You don't need to create a resource link to reference a shared database or table in AWS Glue extract, transform, and load (ETL) scripts. However, to avoid ambiguity when multiple AWS accounts share a database or table with the same name, you can either create and use a resource link or specify the catalog ID when invoking ETL operations.

The following example shows the Lake Formation console Tables page, which lists two resource links. Resource link names are always displayed in italics. Each resource link is displayed along with the name and owner of its linked shared resource. In this example, a data lake administrator in AWS account 1111-2222-3333 shared the inventory and incidents tables with account 1234-5678-9012. A user in that account then created resource links to those shared tables.


        The Tables page shows two resource links. The resource link name is shown under the
          Name column, the shared table name is shown under the Shared resource column, and the
          account that shared the table is shown under the Shared resource owner column.

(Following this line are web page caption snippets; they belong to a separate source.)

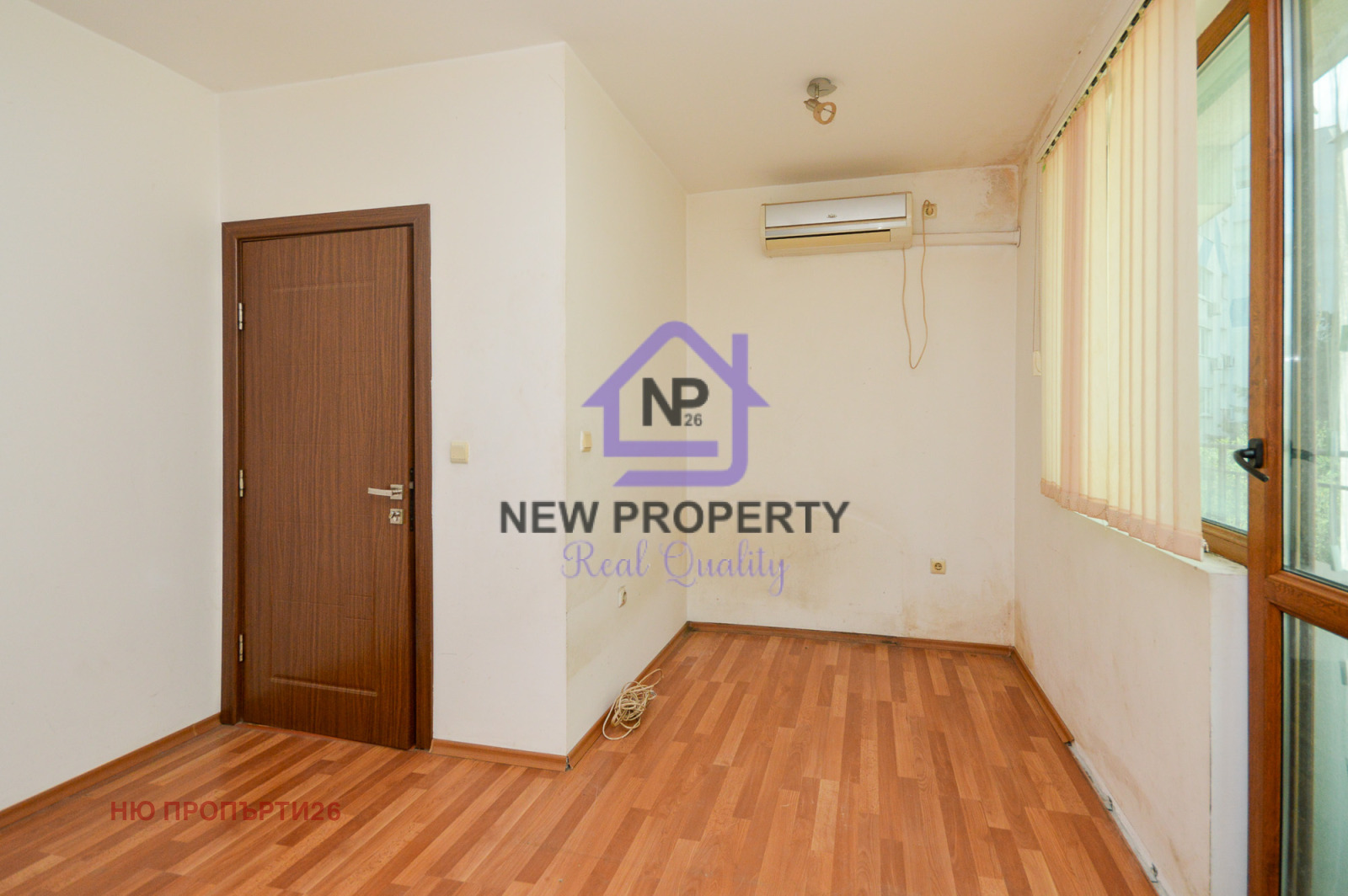 ������� 3-����� | Imot.bg � ����������� 12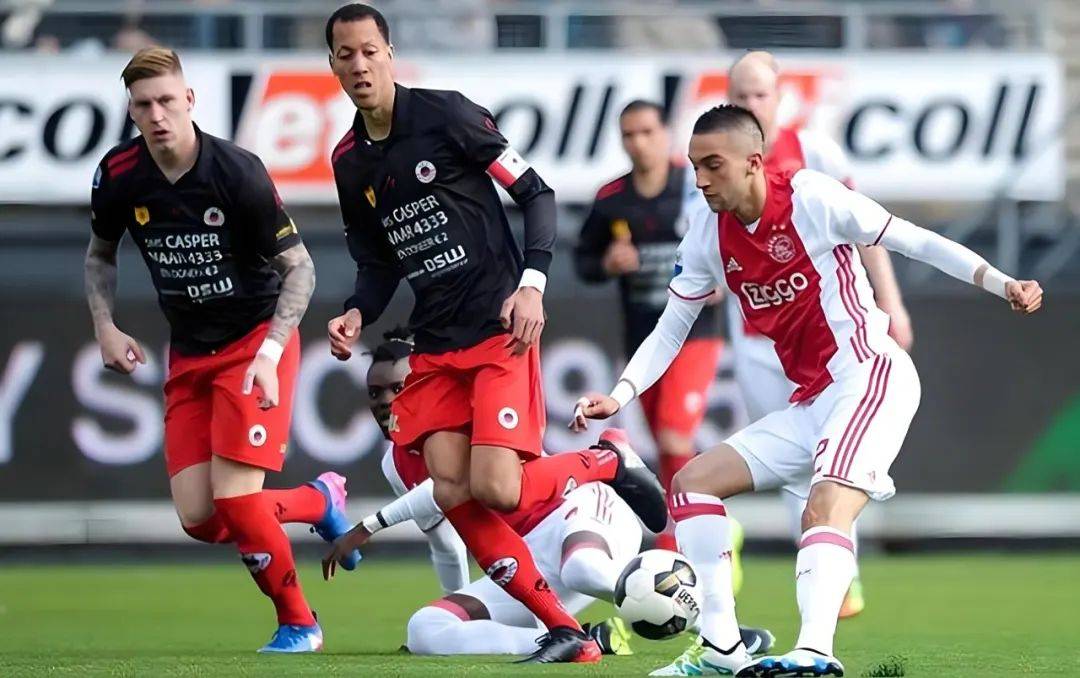 优秀球员 优秀球员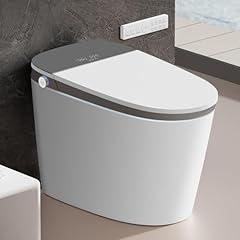 EPLO U8MAX Smart Toilet Bidet
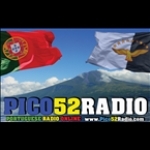 Pico52Radio United States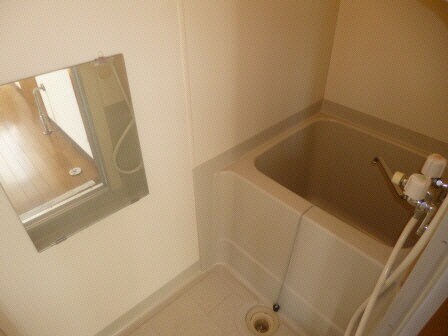 物件内観写真10　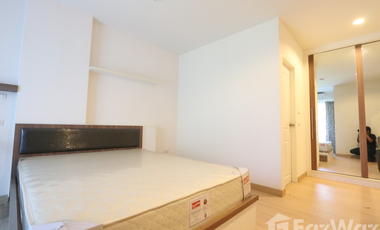 2 Bedroom Condo for sale at The Change Relax Condo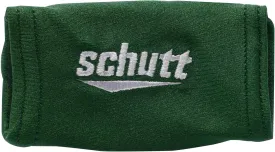 Schutt Sports Football Chin Cup Sleeve Cover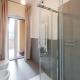 Amendola Luxury Bilo - B Home, Milan - Photo 5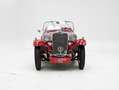 Singer Sonstige Nine Le Mans '35 CH60906 Rot - thumbnail 9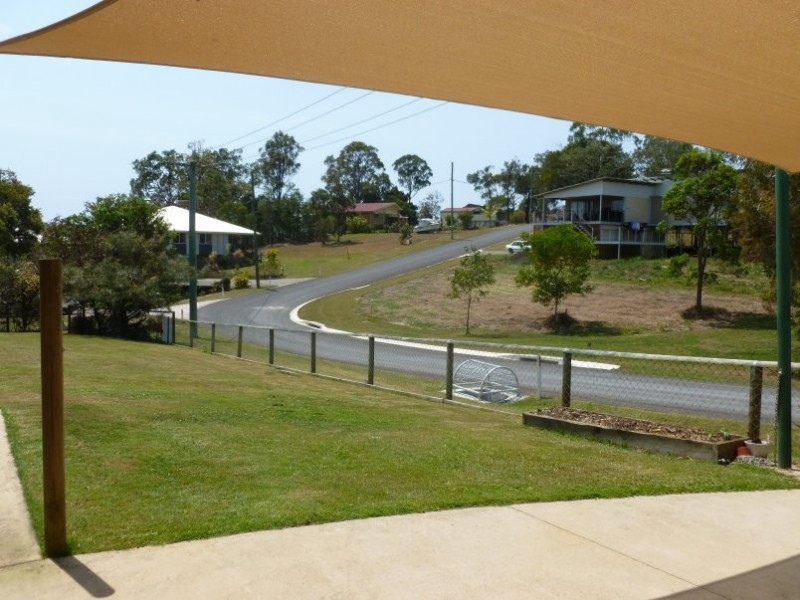 43 TIMOTHY, Macleay Island QLD 4184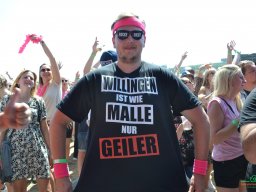 Viva Willingen 2023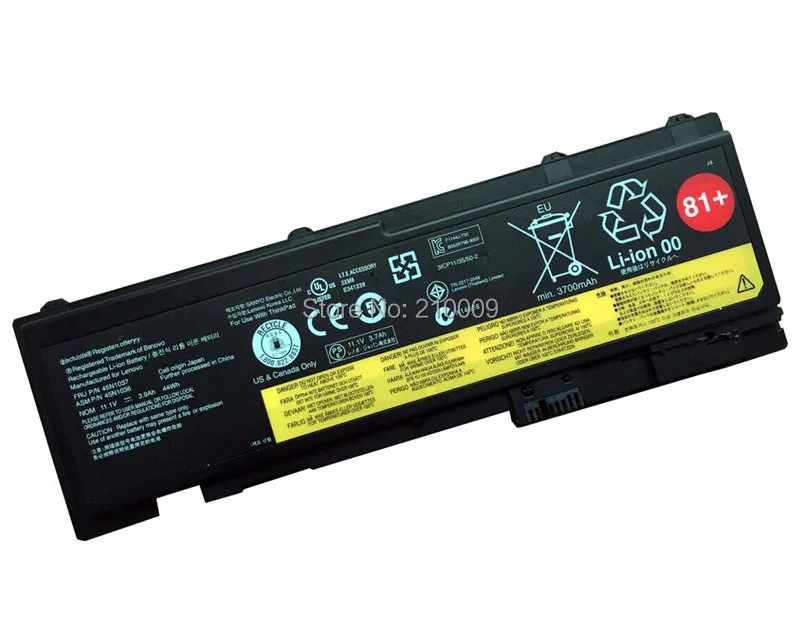 T430S 1.JPG
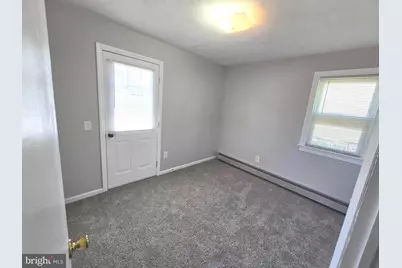 182 Shenandoah Street, Mount Jackson, VA 22842 - Photo 16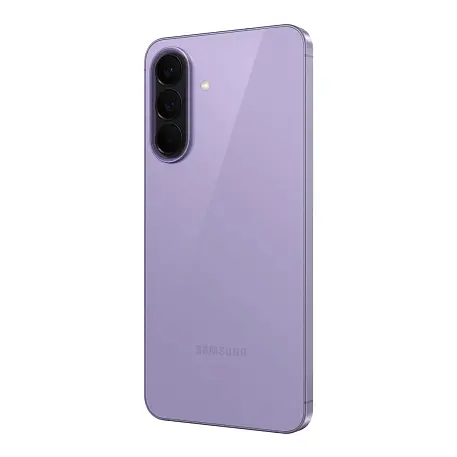 Смартфон Samsung Galaxy A57 5G 8/128 ГБ сиреневый (2sim + eSim) - 7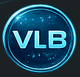 VLB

The following are notes and restrictions on resource links:

  • Resource links are required to enable integrated services such as Athena and Redshift Spectrum to query the underlying data of shared tables. Queries in these integrated services are constructed against the resource link names.

  • Assuming that the setting Use only IAM access control for new tables in this database is turned off for the containing database, only the principal who created a resource link can view and access it. To enable other principals in your account to access a resource link, grant the DESCRIBE permission on it. To enable others to drop a resource link, grant the DROP permission on it. Data lake administrators can access all resource links in the account. To drop a resource link created by another principal, the data lake administrator must first grant themselves the DROP permission on the resource link. For more information, see Lake Formation permissions reference.

    Important

    Granting permissions on a resource link doesn't grant permissions on the target (linked) database or table. You must grant permissions on the target separately.

  • To create a resource link, you need the Lake Formation CREATE_TABLE or CREATE_DATABASE permission, as well as the glue:CreateTable or glue:CreateDatabase AWS Identity and Access Management (IAM) permission.

  • You can create resource links to local (owned) Data Catalog resources, as well as to resources shared with your AWS account.

  • When you create a resource link, no check is performed to see if the target shared resource exists or whether you have cross-account permissions on the resource. This enables you to create the resource link and shared resource in any order.

  • If you delete a resource link, the linked shared resource is not dropped. If you drop a shared resource, resource links to that resource are not deleted.

  • It's possible to create resource link chains. However, there is no value in doing so, because the APIs follow only the first resource link.